ACTIVITY
From the line below that contains "Schwarze Aim Small" to the line that contains "Cretă școlară și", repeat every line exactly, both ends included, and nothing else.

GIVEN DATA

****

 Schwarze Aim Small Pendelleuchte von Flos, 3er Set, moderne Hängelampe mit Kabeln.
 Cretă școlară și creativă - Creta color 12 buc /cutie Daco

****

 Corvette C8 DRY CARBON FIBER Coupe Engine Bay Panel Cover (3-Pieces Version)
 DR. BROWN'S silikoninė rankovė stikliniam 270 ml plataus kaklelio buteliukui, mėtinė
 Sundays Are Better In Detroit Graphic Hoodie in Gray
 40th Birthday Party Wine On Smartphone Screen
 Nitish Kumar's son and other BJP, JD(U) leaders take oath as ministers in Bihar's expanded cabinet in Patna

****

COMPLETED EXERCISE
 Schwarze Aim Small Pendelleuchte von Flos, 3er Set, moderne Hängelampe mit Kabeln.
 Cretă școlară și creativă - Creta color 12 buc /cutie Daco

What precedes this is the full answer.